The second most useful feature was the integrated clustering algorithms and the minimum similarity slider for the dendrogram panel. Because the human eye is usually much better at clustering than machines, allowing interaction in the clustering process is helpful. I would not have been able to manually cluster such a large data set, but I was able to make more sense of the automated clustering result by dynamically adjusting the minimum similarity to a meaningful level.
I also appreciated scroll bar selection highlighting. This feature marks the position of each selected item on the scroll bar, allowing you to browse selections more efficiently. Unfortunately, this feature was buggy and didn't always work properly.
The Bad
To go with all the positives, there were also some (mostly technical) negatives. The program (v3.0) was very unstable and crashed often. The crashes were most problematic after I had spent a good deal of time refining parameters, re-clustering, and narrowing the search space. No history was saved, so after each crash I had to start from scratch. It is difficult to get researchers to adopt a tool if it is unstable, so this point requires serious attention. The only other problem worth mentioning was the behavior of the minimum similarity bar. Adjusting this widget adds and removes items in the color mosaic without keeping the center of view preserved, so if you are centered on a highlighted area and decide to adjust the clustering, you have to relocate your selection after each adjustment of the slider. Keeping the user oriented when browsing a large space is critical, and HCE's failure to preserve my field of view negatively affected my experience.
Suggestions
Ranking projections is one of the great ideas implemented in HCE, however I found little use for this feature when searching for higher dimensional clusters. In addition to projection ranking, I would have liked the clusters to be ranked as well - perhaps by size and similarity. I was forced to do this manually, by frequently adjusting the minimum similarity bar and scanning the mosaic for interesting clusters. While effectively ranking clusters may be difficult, even a little direction can be helpful.

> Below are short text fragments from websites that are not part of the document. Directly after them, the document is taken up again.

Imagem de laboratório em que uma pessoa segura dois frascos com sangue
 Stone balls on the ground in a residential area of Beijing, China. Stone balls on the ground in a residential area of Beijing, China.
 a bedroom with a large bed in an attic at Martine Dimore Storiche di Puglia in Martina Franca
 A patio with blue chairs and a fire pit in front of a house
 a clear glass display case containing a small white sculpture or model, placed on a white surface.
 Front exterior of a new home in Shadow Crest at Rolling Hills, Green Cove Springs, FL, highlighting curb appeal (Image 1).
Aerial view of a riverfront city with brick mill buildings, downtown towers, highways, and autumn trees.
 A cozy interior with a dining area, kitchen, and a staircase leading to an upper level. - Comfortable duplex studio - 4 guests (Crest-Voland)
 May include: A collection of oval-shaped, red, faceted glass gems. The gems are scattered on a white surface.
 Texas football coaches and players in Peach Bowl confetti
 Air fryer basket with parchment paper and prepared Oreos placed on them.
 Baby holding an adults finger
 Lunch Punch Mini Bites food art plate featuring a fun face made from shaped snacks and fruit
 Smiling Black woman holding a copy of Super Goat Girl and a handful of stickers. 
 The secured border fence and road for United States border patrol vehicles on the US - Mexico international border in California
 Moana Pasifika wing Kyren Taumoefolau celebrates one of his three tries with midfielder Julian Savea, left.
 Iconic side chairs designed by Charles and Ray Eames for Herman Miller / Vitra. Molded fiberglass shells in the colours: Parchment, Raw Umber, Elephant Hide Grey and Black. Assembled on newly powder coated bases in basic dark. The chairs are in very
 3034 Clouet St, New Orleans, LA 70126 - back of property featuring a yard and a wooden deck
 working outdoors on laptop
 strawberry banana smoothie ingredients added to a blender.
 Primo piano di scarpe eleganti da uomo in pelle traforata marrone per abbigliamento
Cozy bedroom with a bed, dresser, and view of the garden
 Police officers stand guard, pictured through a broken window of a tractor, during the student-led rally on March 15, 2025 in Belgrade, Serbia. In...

Although extremely useful, the profile search feature of HCE was a little clumsy. Setting upper and lower bounds with mouse clicks and drag events was difficult. A "timebox" search method, like that used in TimeSearcher, would be an easier way to narrow and explore the search space. Also, there was no way to search for profiles symmetric around some point in all dimensions. In our application, this would correspond to genes with an inverted expression profile relative to our model.
Conclusions
Overall, HCE is a powerful tool that gracefully combines statistical methods with user interaction and dynamic controls. It proved to be very effective for my tasks, and I am still a bit shocked at how easy it was to find interesting relationships in the data. I am left wondering if it was my data set or HCE that was so wonderful - for now let's just assume the answer is both.
5. Acknowledgements
I would like thank Dr. Ian Paulsen and Katherine Kang of The Institute for Genomic Research for providing the data, and everyone else involved in the Synechococcus sp. DOE Genomes to Life project. I would also like to acknowledge Dr. Jinwook Seo and Dr. Ben Shneiderman their work on HCE.